核兵器および通常兵器の廃絶をめざすブログ

近代文学研究を通して、世界平和を考えています。

自我の共存をめざす文学

 夢の中で論文の続きを書いていたら、「自我の主張ではなく、自我たちの共存をめざす文学」という一節を思いつき、はっと目が覚めました。
 夢での思いつきが実際に役に立った例はほとんどないのですが、これは例外かと。

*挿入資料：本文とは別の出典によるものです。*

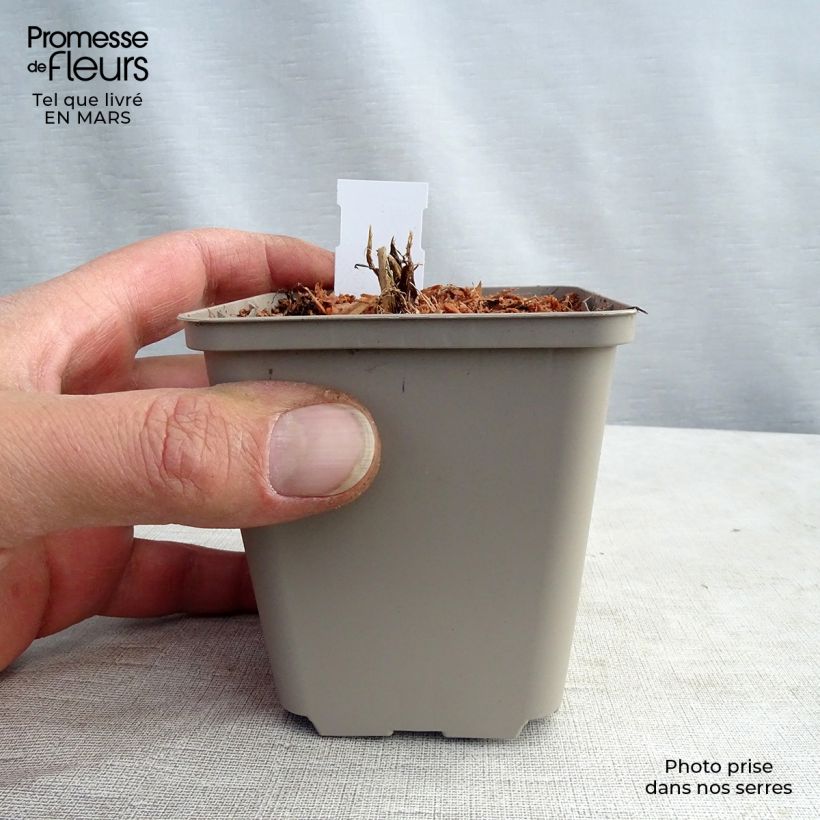 Spécimen de Astrance - Astrantia major White Giant Godet de 8/9 cm tel que livré au printemps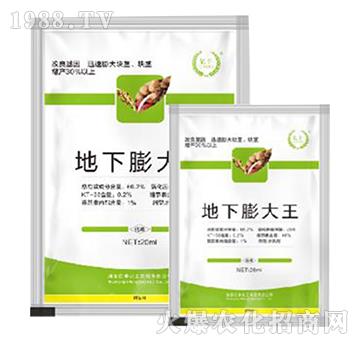 地下膨大王-億豐化工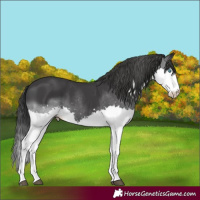 Horse Color:Black Splash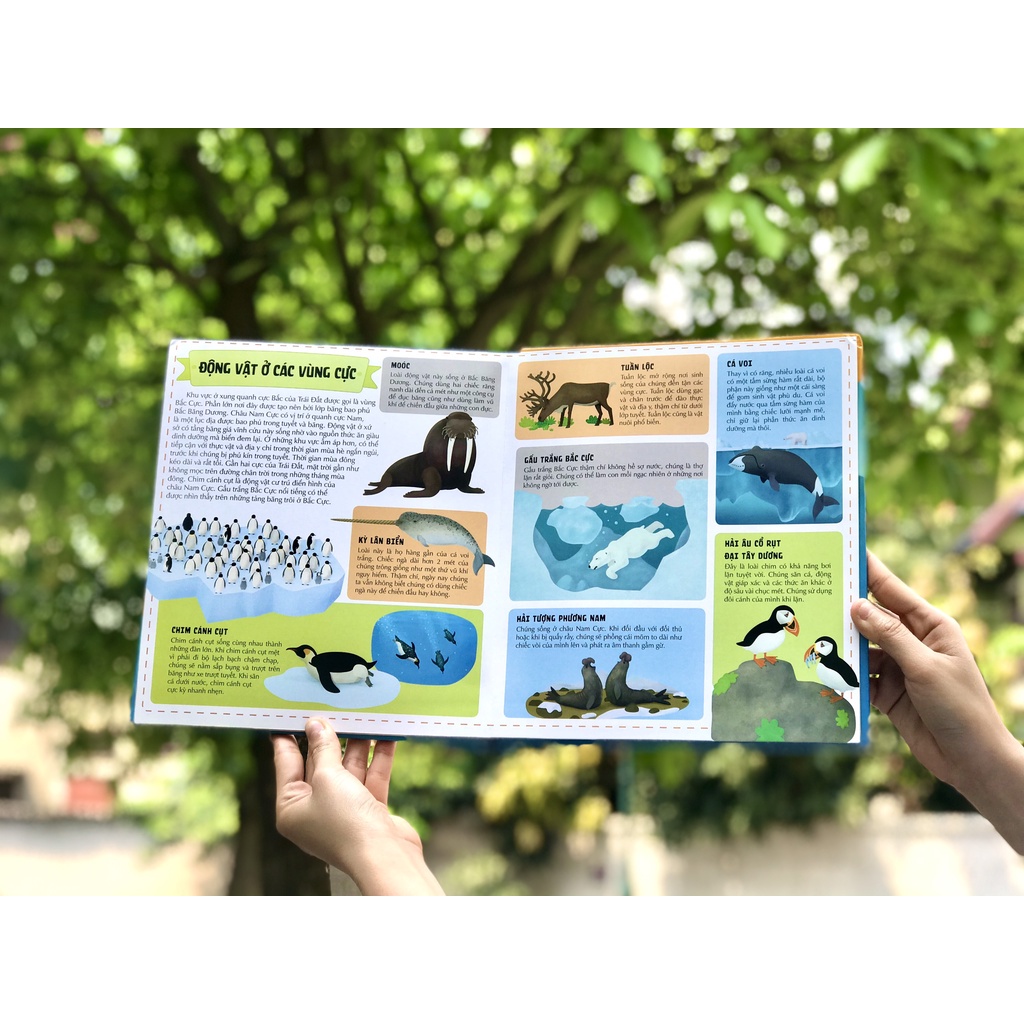 SÁCH - Atlas động vật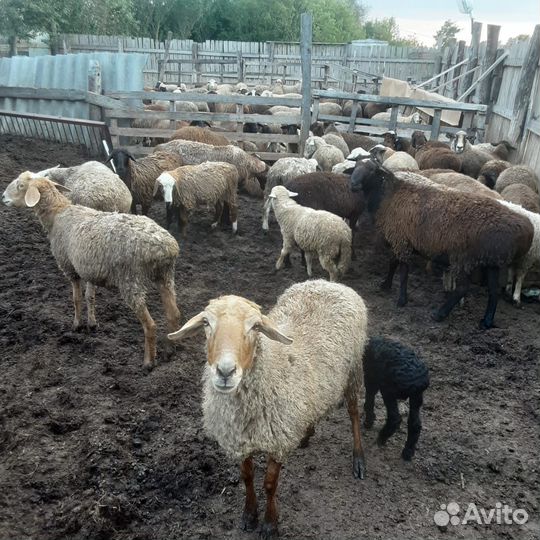 Бараны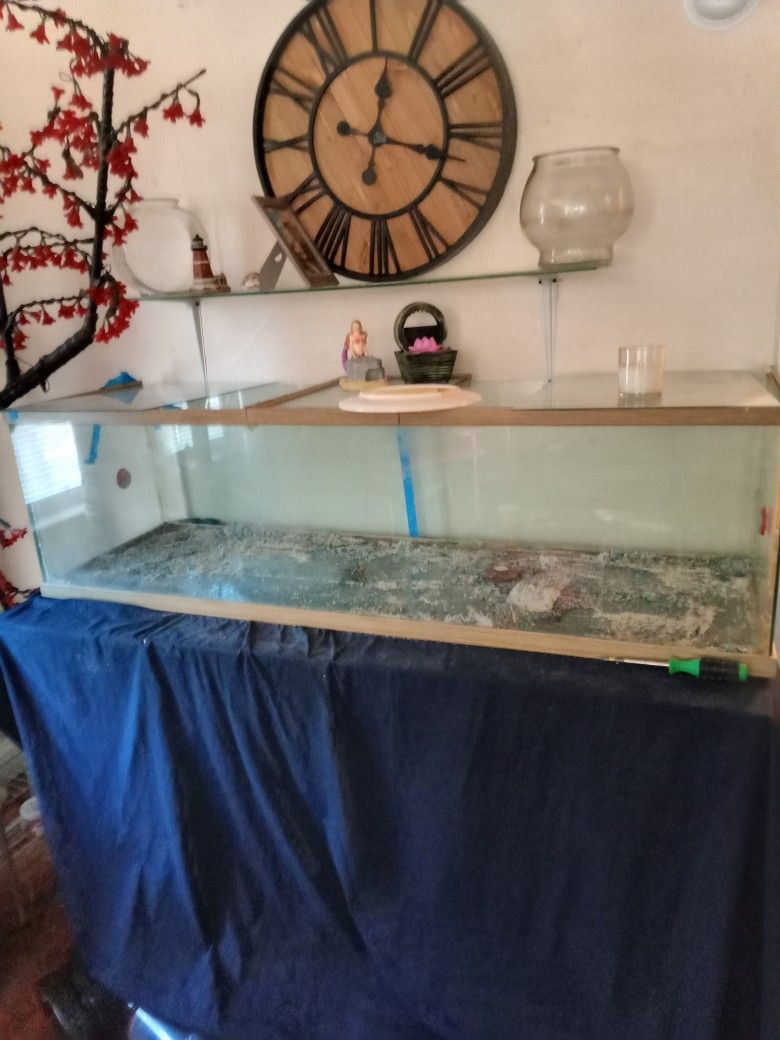 125 Gallon Reptile Tank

「平和主義小説」の最も簡潔な定義といえそうです。
 明治20年代の二葉亭四迷の『浮雲』、森鷗外の『舞姫』あたりを先駆とし、40年代の夏目漱石自然主義によって完成されたという近代日本文学(呼びたければ「近代小説」でも「純文学」でも「正典」でもけっこうです)には、「他者たちと己をいかにして共存させるか(迎合でも屈服でもなく共存です。志賀直哉の『和解』は、むしろ「無条件降伏」と呼ぶべきではないでしょうか)」という問いも、まして「争いあう他者たちをいかにして共存させていくか」という問題も欠けていました。
 そうした問題を扱ったのが、明治23(1890)年から明治38(1905)年あたりまでに書かれた、私が平和主義小説と名付けた一連の作品群です。平和主義とは国家間の戦争の絶滅をめざすだけではなく、諸個人間のいじましくみみっちい争いに対しても、力による抑圧ではない、すぐにでも実現可能な解決案を提示していくことです。現に村井弦斎の『酒道楽』が、「これを読んで禁酒に成功しました」という読者の声が殺到したという例もあります(私の場合は別のきっかけが必要でした)。
 それでも、「平和のための小説」なんてのは不純だ、という芸術至上主義者もいらっしゃるかもしれません(現にいたのですよ。少なくとも2009年の時点では)。呼びたければ「不純文学」と呼んで下さってもかまいません。ただ、文学が人間性を探究する営みであり、文学研究がその探究を分析する学であるとすれば、その成果を平和のために使わないのは、怠慢であると私は思っております。